If you're living in a market where some houses are going for $150K over asking, then you MUST buy before you sell. In a seller's market, you will get multiple offers on your current house when you decide to sell, it will sell for (well) over asking, and you can dictate possession dates. You do not need to worry about selling your own home, if you have a competent realtor.
But buying a home is an entirely different story. You may struggle to find something affordable, and there may be multiple buyers each time you decide to make an offer. You may go through this cycle several times over many months before your offer is accepted. You should do this while living in your own home, with the comfort of knowing that you can sell your own home easily at any time, instead of the stress of an imminent closing date on your own home. Or worse, move into rented space or Malvolio's mom's house for months or a year while the market increases by 15% and the houses in your old area are now selling for $100K more than you sold for. Ouch, now you really can't afford to buy what you want, and you may end up buying something equivalent to what you used to own, for more, plus legal, realtor, and land transfer costs.
If the closing dates don't align, then bridge. This will only end up costing a few hundred dollars, less than $1K including legal fees (the lawyer will also charge to handle this). But by buying before you sell, you'll easily make up that difference.
This advice only applies to hot property markets. I'm not a realtor, just a guy living in the GTA who went through this process last year. Lost out on three offers over 10 months, then bought for asking price on fourth offer (very fortunate), then sold for $90K over asking, then bridged for 2 months. My realtor is awesome and made the process as stress free as it can be.
Get a good realtor, start house hunting while preparing your own house for sale, and enjoy the process.
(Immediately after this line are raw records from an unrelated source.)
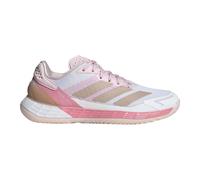 adidas Mujer Defiant Speed 2 Tennis Shoes, FTWR White/Ash Pearl/Bliss Pink, 38 2/3 EU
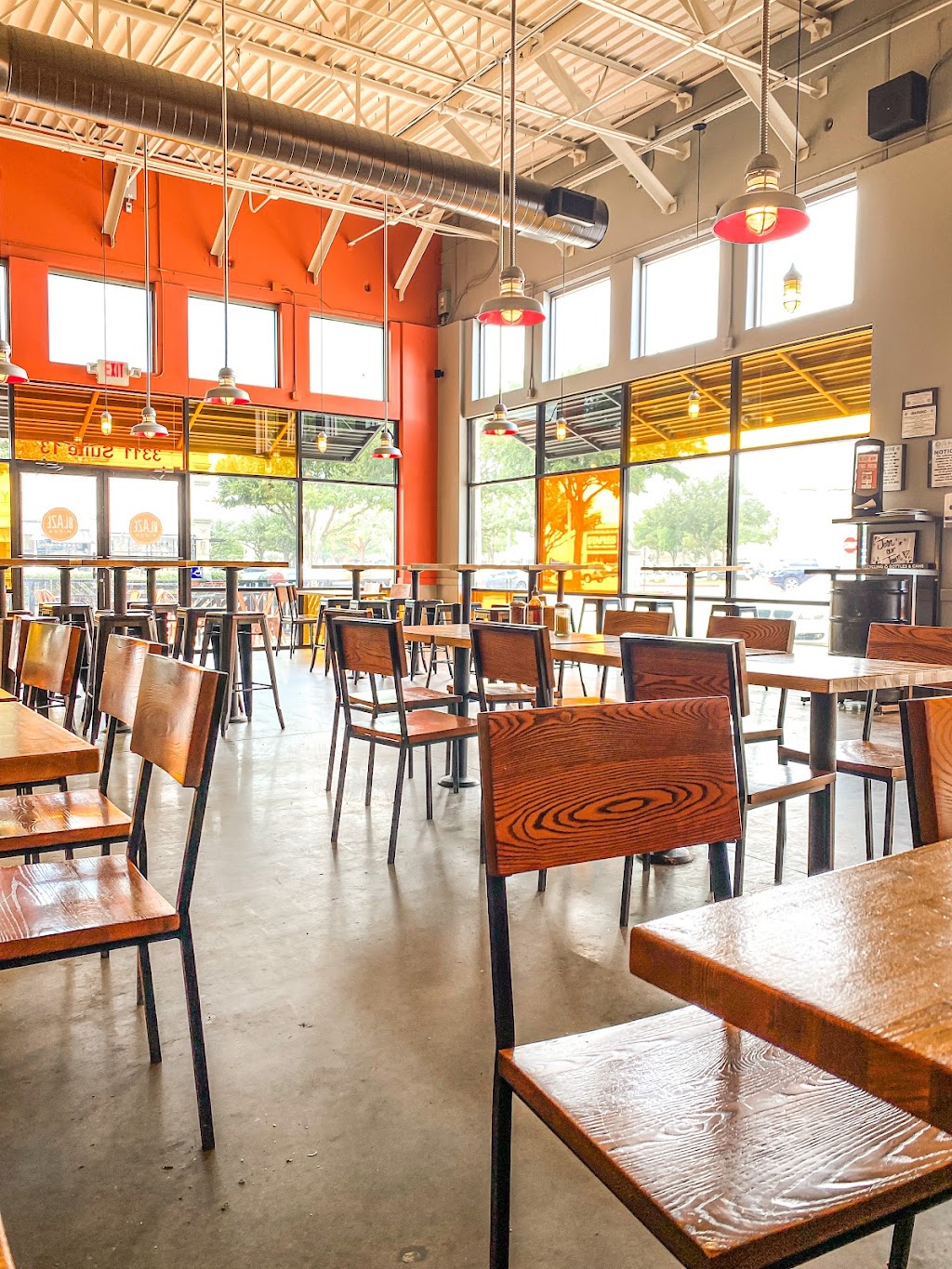 Blaze Pizza | 3311 Preston Rd Suite 13, Frisco, TX 75034, USA | Phone: (972) 236-3314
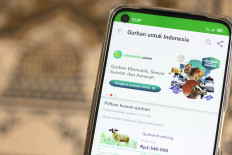 Tokopedia offers online 'qurban' service for Idul Adha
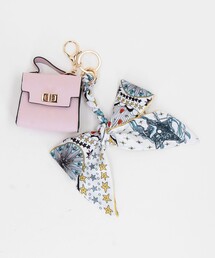 MICO COULIER | ミニBAG×リボンチャーム(チャーム)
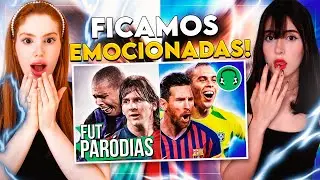 REACT | FUTPARODIES: THE GREATEST COMEBACKS IN FOOTBALL | CR Reacts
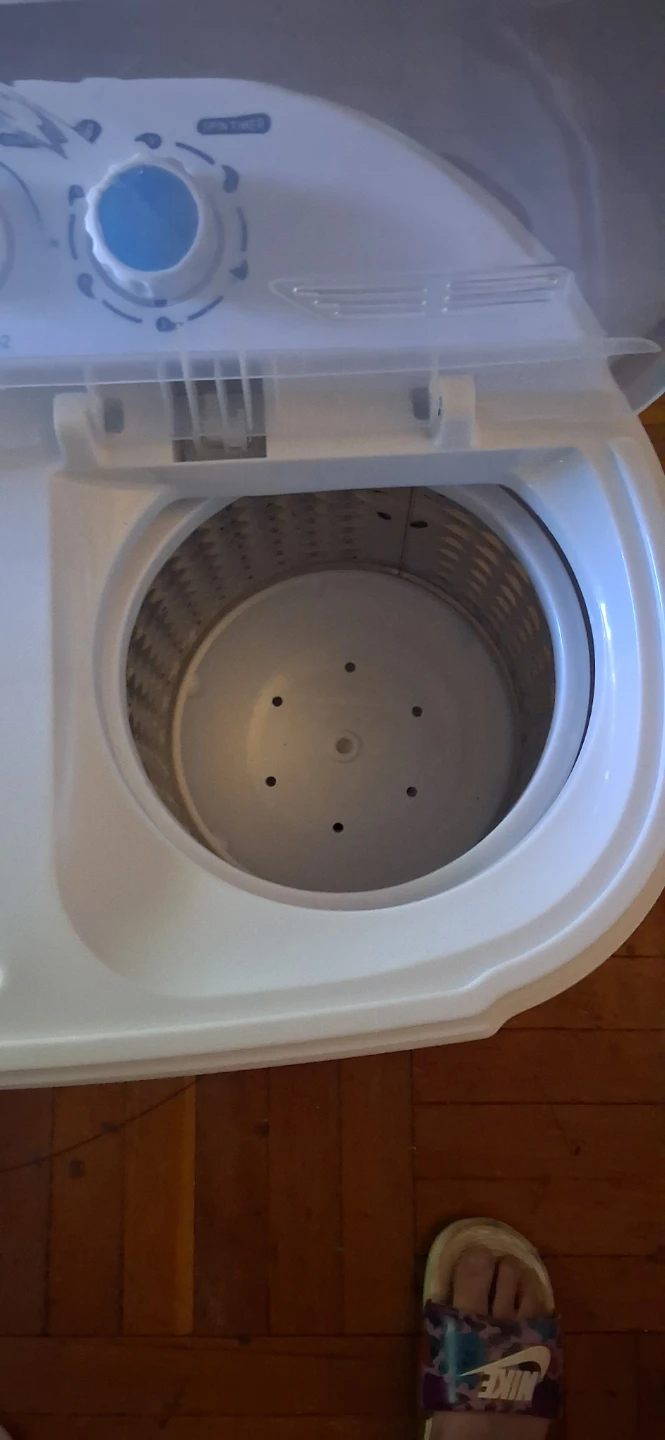 Deco Home Twin Tub Portable Washing Machine DGWHMO2 - photo 2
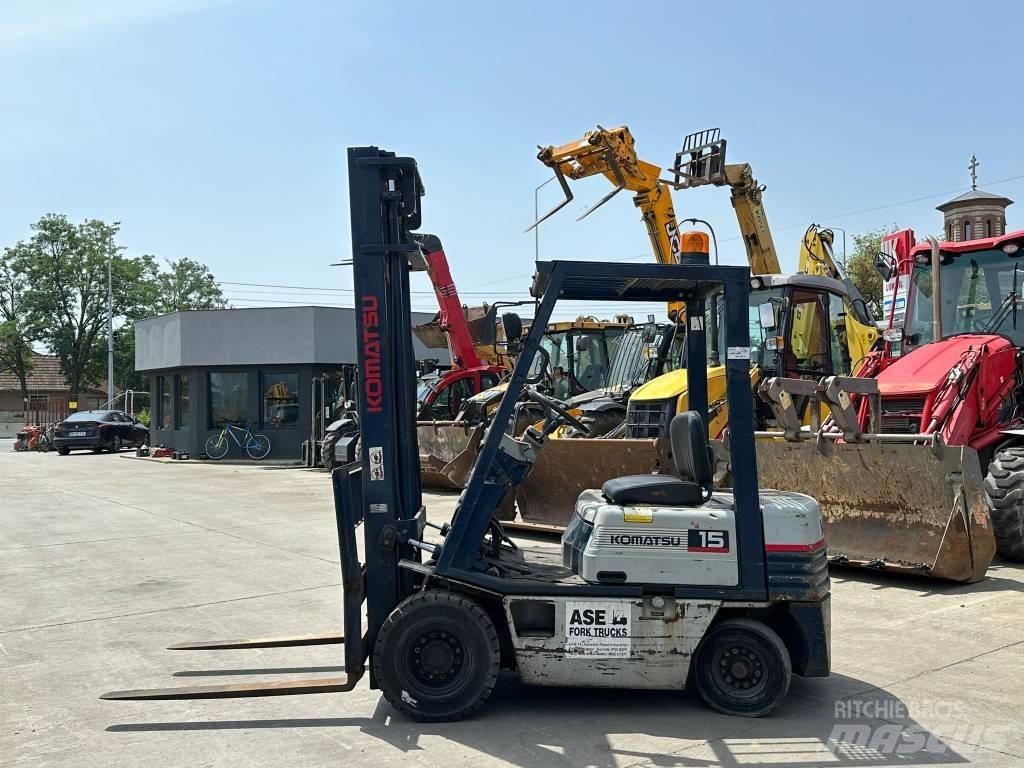 Komatsu FG 15 HT-15 Targoncák-Egyéb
Also you should negotiate with your realtor, they may be willing to reduce their commission on your sale if they are also representing you on the purchase.
P.S. Do not make a contingent offer, and do not accept one. Get your financing in place before you make an offer, and if you are concerned about inspection, you can also do that before the offer, if you act quickly. The inspection will cost ~$500, but it will increase the value of your offer by much more than that since you will be going in without conditions. I spent ~$1,000 on two property inspections on homes I lost out on, and I don't regret it. That is the cost of doing business. The other offers on the home I eventually bought were for significantly more than my offer, but they had conditions. I saved at least $40K by being condition free, and I only spent $1,500 on three property inspections. And, some people will just drop out of the multiple offer scenario when they learn that one of the buyers has done an inspection.